The decision to migrate to Grafana Cloud followed.

“Not only did I get a fully hosted solution, I got something that was very reliable and did not require maintenance,” Armstrong explains. “It represents really good value.”

Building out the full stack

With the operational burden of self-hosting removed, the team expanded. MarshallZehr moved to the full Grafana Cloud stack for logs, unified visualization, and long-term metrics storage. For the first time, they had full-stack visibility in a single platform, rather than dispersed across disconnected tools and direct server access.

One of the more consequential changes came with the adoption of Alloy for collecting, processing, and exporting telemetry signals. The previous collection model relied on a centralized Prometheus scraper—a single aggregation point pulling telemetry from across the infrastructure. Alloy enabled a shift to a distributed model in which individual applications and host instances self-scrape and push telemetry directly to Grafana Cloud.

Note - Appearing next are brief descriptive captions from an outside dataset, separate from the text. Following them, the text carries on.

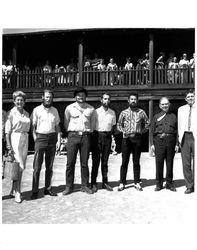 Whiskerino Contest winners at the Old Adobe Fiesta, Petaluma, California, about 1970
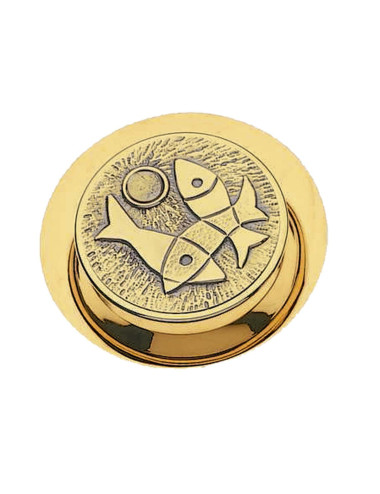 Hosts box with paten and fish motif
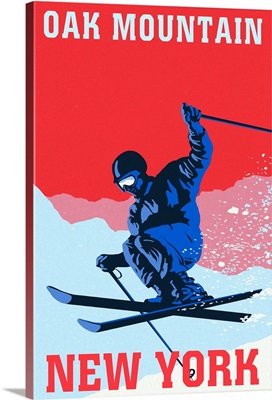 Oak Mountain, Speculator, New York, Colorblocked Skier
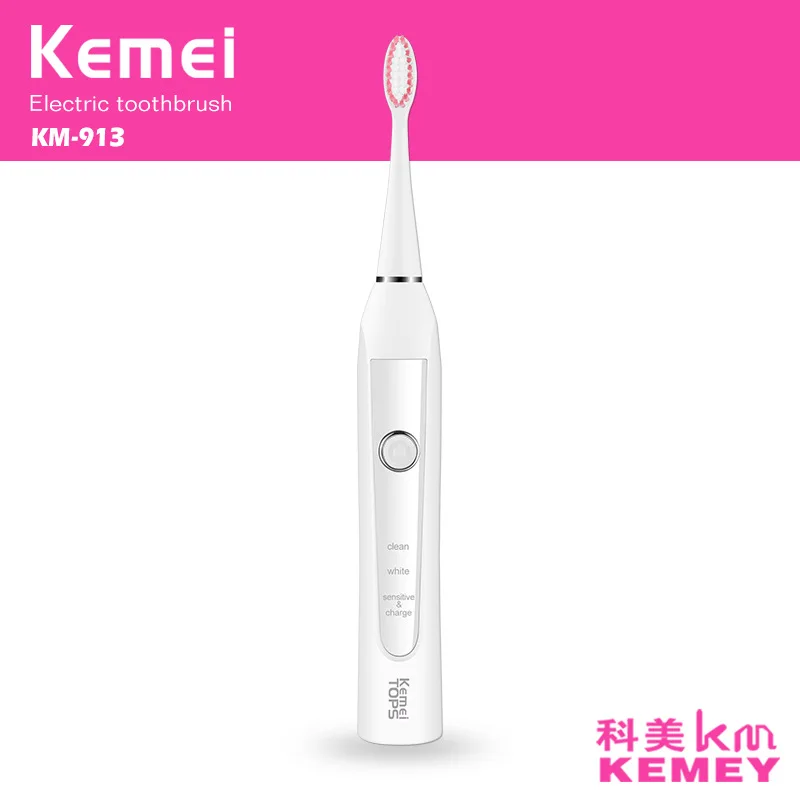 Kemei washable electric toothbrush Rechargeable ultrasonic toothbrush for children kids adults sonic teeth brush KM-913
Kemei washable electric toothbrush Rechargeable ultrasonic toothbrush for children kids adults sonic teeth brush KM-913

The architectural change is meaningful. A distributed collection model eliminates a single point of failure in the telemetry pipeline, removes bottlenecks as the infrastructure scales, and simplifies onboarding new services—each one responsible for its own instrumentation rather than requiring updates to a centralized configuration. For a small team managing a growing platform, reducing that category of maintenance toil has a real impact on what can be prioritized.

The operational shift

The consolidation of observability into a single platform has also compounded the team’s effectiveness in less visible ways. Fewer tools mean fewer context switches. Unified data means faster diagnosis. The time recaptured from maintenance of a self-hosted stack can be directed toward building the features and improvements to its own platform so they can help move the business forward.

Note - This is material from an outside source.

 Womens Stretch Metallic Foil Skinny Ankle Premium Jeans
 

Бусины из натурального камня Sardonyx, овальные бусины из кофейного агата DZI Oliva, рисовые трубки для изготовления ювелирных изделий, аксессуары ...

There is also a competitive dimension that Armstrong is direct about. Private mortgage administration is not, by and large, a technically sophisticated industry. The observability practice that MarshallZehr has built gives the firm operational capabilities that most of its peers simply do not have. As a result, they’re better equipped to reduce risk and respond to their users’ needs—and they can do it with a smaller staff than their competitors.

What comes next

Armstrong has mapped out the next stages of the observability practice clearly. Distributed tracing, continuous profiling, and frontend observability are each on the roadmap. Cost-effectiveness is a central consideration at MarshallZehr’s scale—and Grafana’s adaptive capabilities, including adaptive metrics and adaptive logs, are how the team expects to extend coverage without a proportional increase in spend.

Internally, the work is also about culture as much as technology. Armstrong’s team is investing in helping engineers connect observability data to the direct impact of their work—building the feedback loop between code shipped and telemetry returned. Making observability a natural part of how the team builds software is the next phase of a practice that, not long ago, did not exist at all.